Chapel Hill: University of North Carolina Press, 2022. Pp. xii, 224. Illus., notes, biblio, index. $27.95. ISBN: 1469667738

Southern White Widows and the "Lost Cause"

In his 1881 memoir The Rise and Fall of the Confederate Government”, Jefferson Davis wrote that he honored women’s sacrifice in the late war for Confederate independence. In her new book, Prof. Elder (Converse University), argues that the Civil War left the South a place of grieving and healing long after the fighting ended in 1865.

Approximately three million men fought in the war, on both sides, of whom it’s estimated 750,000 died, leaving some 200,000 widows. Love and Duty looks at the emotional and political relationship between Southern women and the late Confederacy. The expectations for white widowhood was one of grateful tears, positive memories, and support for the cause. Elder argues that only with all of this, would their husbands live forever. She further emphasizes that women played a significant role in society, helping build the myth of the “Lost Cause” and in “restoring Southern society after war and Reconstruction.

In the postwar era unreconstructed Confederates championed an image of white widowhood, the young wife who selflessly transferred her monogamous love from her dead husband to the deathless cause for which he'd fought. Death forced all Confederate widows to reconstruct their lives, but only some would choose to play a role in reconstructing the nation. A close look reveals that these women spent their new cultural capital with great shrewdness and variety. Aware of the social status gained in widowhood; they used that status on their own terms, turning mourning into a highly politicized act in the battle to confirm the Confederacy's legitimacy.

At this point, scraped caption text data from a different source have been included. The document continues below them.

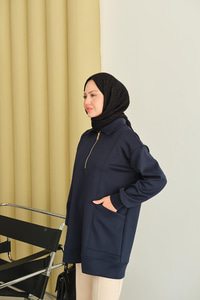 Cep Ve Yaka Detay Yarım Fermuarlı Sweat Lacivert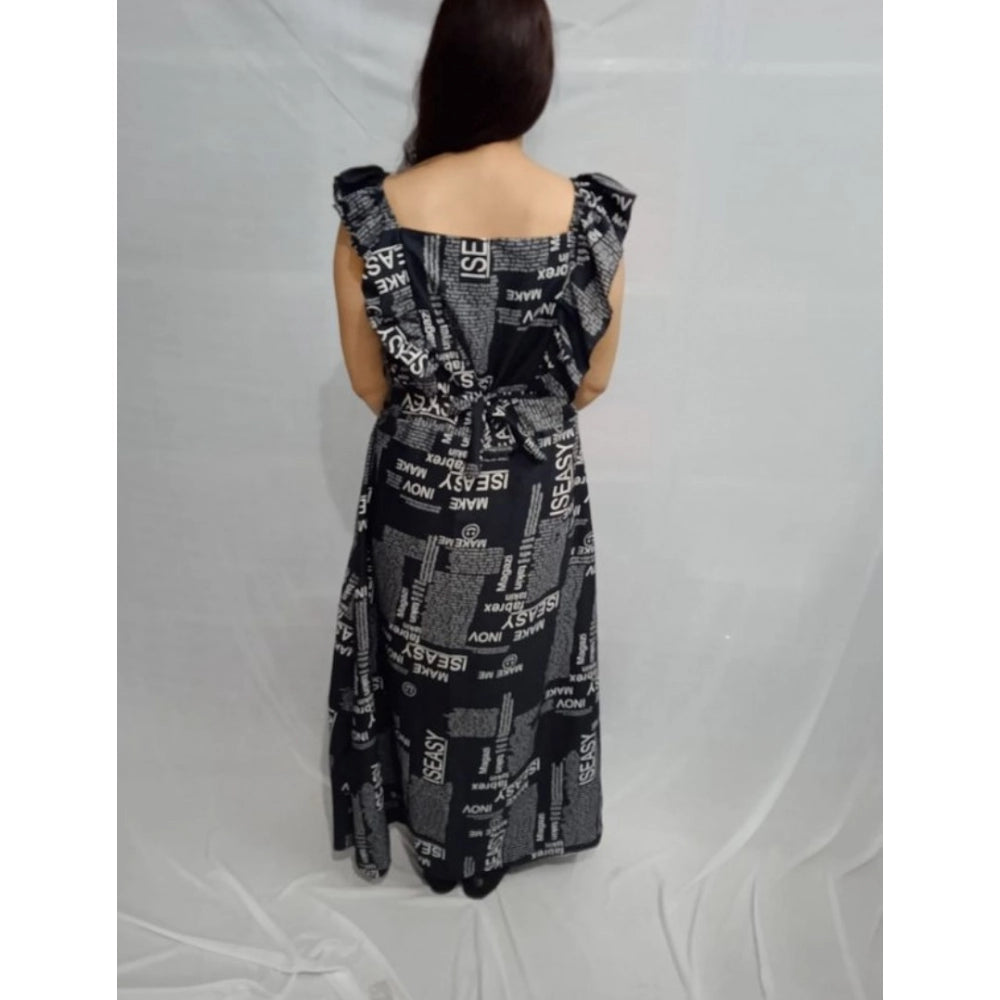 Seduva Women's Casual Crepe Sleeveless Dress (Black)
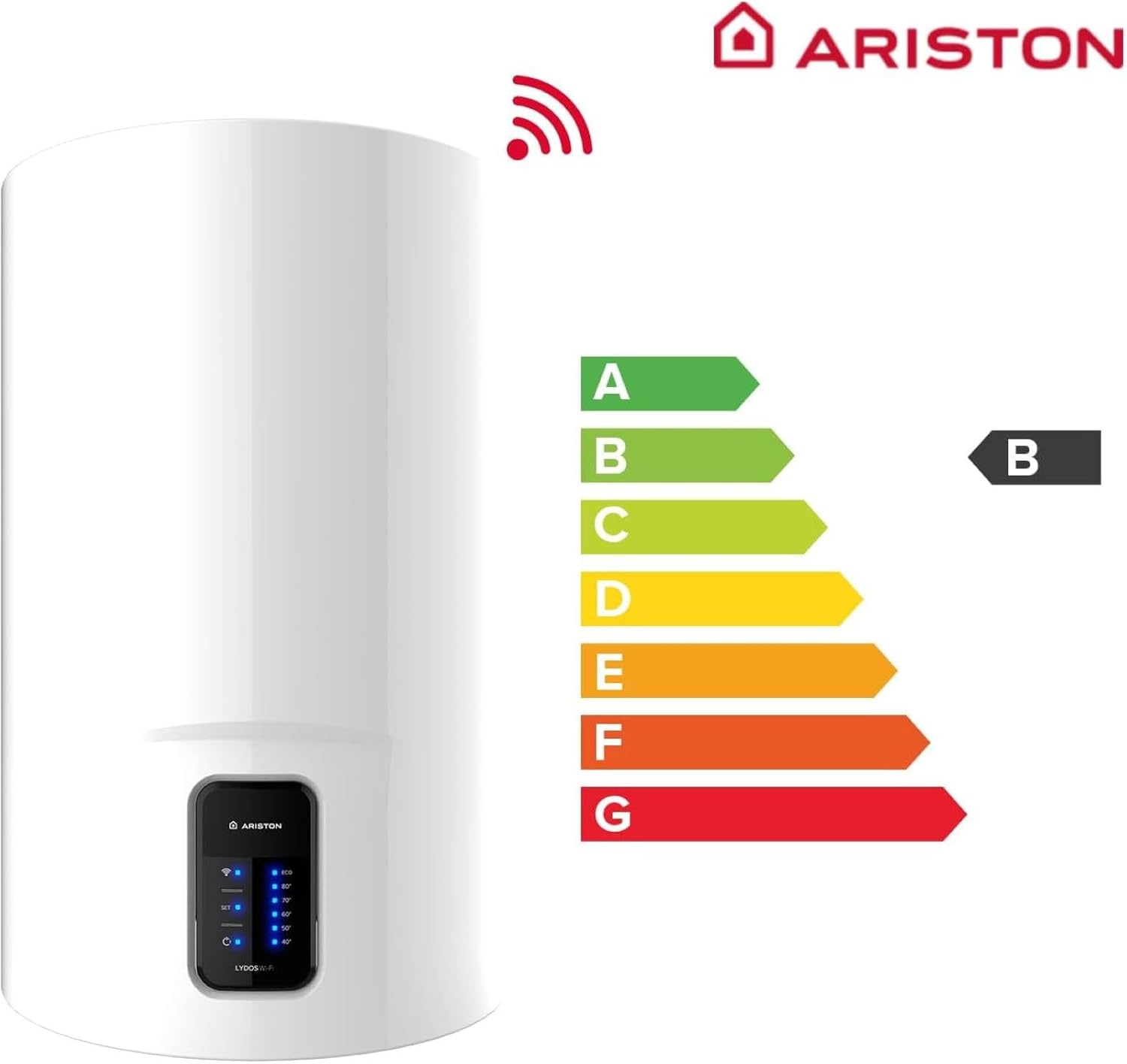Ariston, Lydos Wifi - Termo Eléctrico 50 Litros Vertical, Calentador de Agua Eléctrico con ECO-EVO 47x45x55,3 cm, Calentadores para Instalación en España, Eficiencia B Rango(A+/F) Compatible con Alexa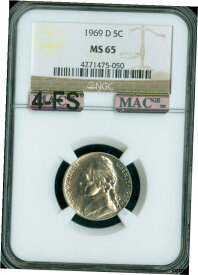 【極美品/品質保証書付】 1969年-D ジェファーソン ニッケル NGC MAC MS65 4FS 2ND FINEST REGISTRY $10,000.00 IN FS *- show original title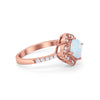 925 Sterling Silver Round Cubic Zirconia Cushion Art Wedding Engagement Ring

Elder researched letters between spouses during the war, as well as personal diaries, post war letters, scrapbooks, and applications for widow’s pension. Drawing on these materials, as well as songs, literary works, and material objects such as mourning gowns, and drawing on the work of Stephanie McCurry, Drew Gilpin, Thavolia Glymph, and Victoria Ott, she explores white Confederate widows' stories, examining the records of their courtships, marriages, loves, and losses, often detailing the wretched lives of these women, a subject that has rarely been addressed, and certainly needs to be told.

Elder draw several important conclusions.

Firstly, she demonstrated that war changed the way women in the South were looked upon, compared with the antebellum period. Secondly,, she suggests that emotions mattered, and war widows and widows’ communities, leveraged emotion to gain influence with unreconstructed Confederate leadership and Southern society. Third, Elder reveals that Southern widows made an important contribution to reshaping the nation in the aftermath of war, perhaps even more than that by some early histories and soldiers’ memoirs.

This book is about emotions, love, victory, loss, trauma, cultural change, social upheaval, and grieving white women of all classes in the erstwhile Confederacy and the Border States.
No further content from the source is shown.